Note that, on the one hand, Childebert here is condemning pagan behavior; on the other hand, he is addressing Christians. But at this early point in French history, many were not only new Christians, still steeped in pagan practice, but may very well have lived in intimacy with others who worshiped Thor, or Ceres, or even long-forgotten Celtic deities. Though France became a Christian country at the start of the monarchy, when Clovis converted, not all of his followers converted with him.
The problem of pagan behavior by Christians would be an issue in France for centuries, and not least on the holidays, when many no doubt found it natural to celebrate their new religion in the same ways their ancestors had the old. In 578, a Council at Auxerre condemned “making oneself like a cow or a stag, or observing diabolical gift-giving” at New Year's (Non licet kalendis Januarii vitulà aut cervolo facere, vel strennas diabolicas observare). The Church would ultimately convince people not to wear horns or other disguises (at least until Halloween came along); it had less success with New Year's gifts, whose Latin name – strenna – became the French word étrennes, for gifts now given on Christmas, but long “observed” on New Year's.
Ironically, these condemnations provide us with something that is extremely rare: a glimpse at how people in early Medieval France celebrated the holidays. Certainly not all indulged in old pagan revels, but the fact that paganism was still an issue for Charlemagne suggests that the behavior noted by Childebert and the Council persisted for some time.
It could not have helped that, as the Catholic Encyclopedia notes, the feast itself probably had a pagan origin: “The well-known solar feast... of Natalis Invicti, celebrated on 25 December, has a strong claim on the responsibility for our December date.” (The same writer adds, however, “The origin of Christmas should not be sought in the Saturnalia (1-23 December)”; though that question may not be settled.)
For a purely Christian close-up of the time, we have the vivid but very fragmentary testimony of the poet-bishop Fortunatus (c. 530-609):
Today I have celebrated the joyous and holy anniversary of Christmas, returned once again in the world. Everywhere arrives, principally, cheese, round wooden bowls garnished with meat, with poultry, with all the dishes in a word that one offers everybody at this time, and which each has long been accustomed to receive.
Christians too, then, feasted and exchanged, at the least, food, even if they did so less scandalously.

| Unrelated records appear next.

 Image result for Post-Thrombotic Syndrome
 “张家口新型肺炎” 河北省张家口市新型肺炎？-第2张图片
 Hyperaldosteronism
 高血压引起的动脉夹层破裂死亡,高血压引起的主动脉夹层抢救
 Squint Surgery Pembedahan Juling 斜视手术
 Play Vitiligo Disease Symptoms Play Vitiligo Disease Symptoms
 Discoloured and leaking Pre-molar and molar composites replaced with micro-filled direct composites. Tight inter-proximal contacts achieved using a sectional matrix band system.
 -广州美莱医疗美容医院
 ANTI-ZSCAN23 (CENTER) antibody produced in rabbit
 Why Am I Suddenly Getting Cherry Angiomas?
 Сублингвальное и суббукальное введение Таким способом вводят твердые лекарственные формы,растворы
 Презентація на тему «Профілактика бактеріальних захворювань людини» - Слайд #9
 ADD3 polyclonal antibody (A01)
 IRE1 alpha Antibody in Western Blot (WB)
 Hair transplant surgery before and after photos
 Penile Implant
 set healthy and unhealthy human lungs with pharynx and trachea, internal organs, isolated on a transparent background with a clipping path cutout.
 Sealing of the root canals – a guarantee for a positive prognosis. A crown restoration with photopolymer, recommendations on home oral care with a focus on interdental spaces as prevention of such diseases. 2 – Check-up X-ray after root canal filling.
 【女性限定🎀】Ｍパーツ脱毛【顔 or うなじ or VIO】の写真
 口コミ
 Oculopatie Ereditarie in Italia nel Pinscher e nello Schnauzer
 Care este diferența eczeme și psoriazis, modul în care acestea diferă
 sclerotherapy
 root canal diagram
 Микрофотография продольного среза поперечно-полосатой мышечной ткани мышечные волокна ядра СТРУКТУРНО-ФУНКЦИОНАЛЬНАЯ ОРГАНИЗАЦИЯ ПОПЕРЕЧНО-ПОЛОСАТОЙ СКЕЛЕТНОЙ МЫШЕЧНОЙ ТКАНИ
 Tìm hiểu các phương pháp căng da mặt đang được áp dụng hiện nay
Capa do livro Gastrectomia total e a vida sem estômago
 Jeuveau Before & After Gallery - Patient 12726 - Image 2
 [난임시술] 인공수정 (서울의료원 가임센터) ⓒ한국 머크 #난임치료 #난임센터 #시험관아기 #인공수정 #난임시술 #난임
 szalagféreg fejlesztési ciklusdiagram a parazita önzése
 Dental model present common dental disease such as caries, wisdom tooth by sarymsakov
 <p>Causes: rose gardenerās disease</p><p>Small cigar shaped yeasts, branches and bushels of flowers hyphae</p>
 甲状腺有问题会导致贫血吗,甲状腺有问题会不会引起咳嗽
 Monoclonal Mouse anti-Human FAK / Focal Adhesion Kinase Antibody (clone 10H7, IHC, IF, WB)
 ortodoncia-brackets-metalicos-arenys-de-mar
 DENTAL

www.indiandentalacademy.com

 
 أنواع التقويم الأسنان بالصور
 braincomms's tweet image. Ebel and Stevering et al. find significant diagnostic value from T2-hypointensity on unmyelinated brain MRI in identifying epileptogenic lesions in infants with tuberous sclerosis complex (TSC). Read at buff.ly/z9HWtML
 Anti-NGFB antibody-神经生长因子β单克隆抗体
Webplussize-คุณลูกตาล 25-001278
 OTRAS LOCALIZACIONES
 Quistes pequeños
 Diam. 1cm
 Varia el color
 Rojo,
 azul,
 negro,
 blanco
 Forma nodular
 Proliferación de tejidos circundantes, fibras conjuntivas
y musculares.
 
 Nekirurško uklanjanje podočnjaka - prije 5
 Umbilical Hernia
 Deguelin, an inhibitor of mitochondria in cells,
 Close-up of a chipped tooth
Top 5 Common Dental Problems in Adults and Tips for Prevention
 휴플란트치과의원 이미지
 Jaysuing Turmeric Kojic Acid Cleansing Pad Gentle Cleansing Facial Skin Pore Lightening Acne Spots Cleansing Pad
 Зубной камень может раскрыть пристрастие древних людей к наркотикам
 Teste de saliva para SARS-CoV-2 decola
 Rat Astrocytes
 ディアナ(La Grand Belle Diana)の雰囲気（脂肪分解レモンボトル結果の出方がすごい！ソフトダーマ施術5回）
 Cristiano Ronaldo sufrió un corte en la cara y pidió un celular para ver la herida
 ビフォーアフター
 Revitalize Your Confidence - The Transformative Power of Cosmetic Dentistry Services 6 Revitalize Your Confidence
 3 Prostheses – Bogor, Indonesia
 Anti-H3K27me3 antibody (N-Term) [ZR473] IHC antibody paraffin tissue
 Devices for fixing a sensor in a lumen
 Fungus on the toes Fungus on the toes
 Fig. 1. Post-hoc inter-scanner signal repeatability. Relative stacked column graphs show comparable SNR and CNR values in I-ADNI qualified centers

Childebert's reference to Christmas and Easter make it plain that these two days already had special importance, though that of Christmas, at least, was still relatively recent:
Christmas was not among the earliest festivals of the Church. Irenaeus and Tertullian omit it from their lists of feasts; Origen, glancing perhaps at the discreditable imperial Natalitia, asserts... that in the Scriptures sinners alone, not saints, celebrate their birthday; Arnobius... can still ridicule the "birthdays" of the gods....
The first evidence of the feast is from Egypt....[a]bout A.D. 200...
According to another history of the holiday, “the first mention of a Nativity feast on December 25 is found in a Roman document known as the Philocalian Calendar, dating from the year 354, but embodying an older document evidently belonging to the year 336.”

(The modern French word for it, Noël, would not appear until about the twelfth century and is believed to be a corruption of Natalis, from Natalis Domini.)

By Merovingian times, there is no doubt the Church itself considered it important, though its place may have become more established over time. This can be detected in the evolution of monastic rules. St. Caesarius' rule (c. 500) speaks only of “major feasts”, but later rules and even lists of rents single out Easter and Christmas as special days.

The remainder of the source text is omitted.